A “carreira militar” de Santo Antônio se realizou “post mortem”, de modo muito curioso. O Embaixador José Carlos de Macedo Soares publicou, a esse respeito, uma obra clássica muito rara, que durante décadas desejei comprar e somente há poucas semanas encontrei num sebo e adquiri. Chama-se “Santo Antonio de Lisboa, militar no Brasil” (Rio de Janeiro: Livraria José Olympio, 1942).

Baseado em sólida documentação em fontes primárias (às quais teve facilidade de acesso), o autor documenta a trajetória do Santo como praça e como oficial das tropas brasileiras. Explica-se o fato. No Brasil, como também em Portugal e na Espanha, se estabeleceu o costume de invocar Santo Antônio em situações difíceis, quando a paz pública se via ameaçada por adversários poderosos e perigosos.
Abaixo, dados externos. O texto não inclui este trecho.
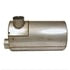 86757M by NELSON EXHAUST - Exhaust Muffler Assembly - Type 5 Oval Muffler, 5" x 5" x 27" (12.3 x 15.2 in.)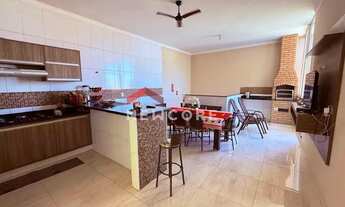 Imagem 5: Sobrado em Rua Jamil Tufaile - Parque das Perdizes - São José do Rio Preto/SP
Uma vez obtida a vitória, em agradecimento ao Santo por sua participação na luta, as autoridades públicas militares e civis lhe atribuíam um posto militar honorífico. E, ademais, se comprometiam a pagar religiosamente o soldo devido a um militar daquela patente à igreja de Santo Antônio, ou ao convento franciscano mais próximo. Esse dinheiro se destinava, geralmente, à manutenção do culto ou era aplicado pelos franciscanos em caridade, ajudando os pobres.
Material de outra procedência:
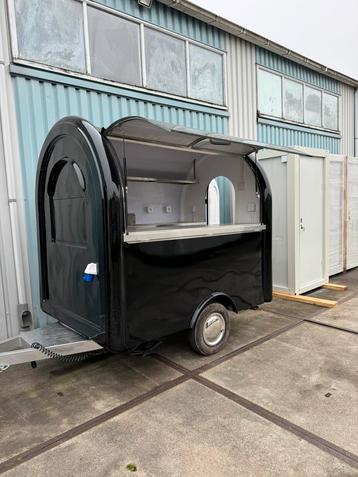 Foodtruck NIEUW!!! beschikbaar voor biedingen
Esse costume, por mais estranho que possa parecer em nossos dias, era muito praticado em todo o Império luso e inclusive o foi no Brasil. Daí o fato, documentado por Macedo Soares, de Santo Antônio ter desenvolvido “carreiras militares” paralelas, ocupando ao mesmo tempo postos de diferentes níveis, em Portugal e em várias capitanias do Brasil. Daí, também, surgiu o costume, ainda conservado em algumas igrejas antigas, de a imagem do Santo estar, nos altares, adornada com as insígnias militares do seu posto, com as dragonas correspondentes e, às vezes, até com a espada.

Em Portugal, Santo Antônio ingressou nas “atividades militares” como soldado raso, mas depois disso foi sendo sucessivamente promovido e afinal, já no início do século XIX, atingiu o generalato, porque obteve, com suas orações, a vitória das armas portuguesas contra os franceses que por ordem de Napoleão haviam invadido o Reino. Isso se deu na importante batalha do Bussaco, travada em 1810.

No Brasil, Santo Antônio “lutou” na guerra de libertação de Pernambuco contra a invasão holandesa e também atuou em defesa do nosso território quando, no século XVIII, ocorreram tentativas de invasões francesas. Foi subindo gradualmente de posto e obteve afinal a patente de Tenente-Coronel, que lhe foi conferida em 1814 pelo Príncipe Regente D. João. Foi esse o posto mais alto que o Santo adquiriu no Brasil. O soldo correspondente lhe foi regularmente pago durante todo o Império e nas primeiras décadas do regime republicano. Há documentação de que deixou de ser pago somente em 1911. Treze anos depois, no ano de 1924, o Presidente Artur Bernardes assinou um despacho passando Santo Antônio para a reserva do Exército brasileiro. E como oficial superior na reserva permanece ele até hoje. Depois de uma brilhante “carreira militar” de quase 300 anos.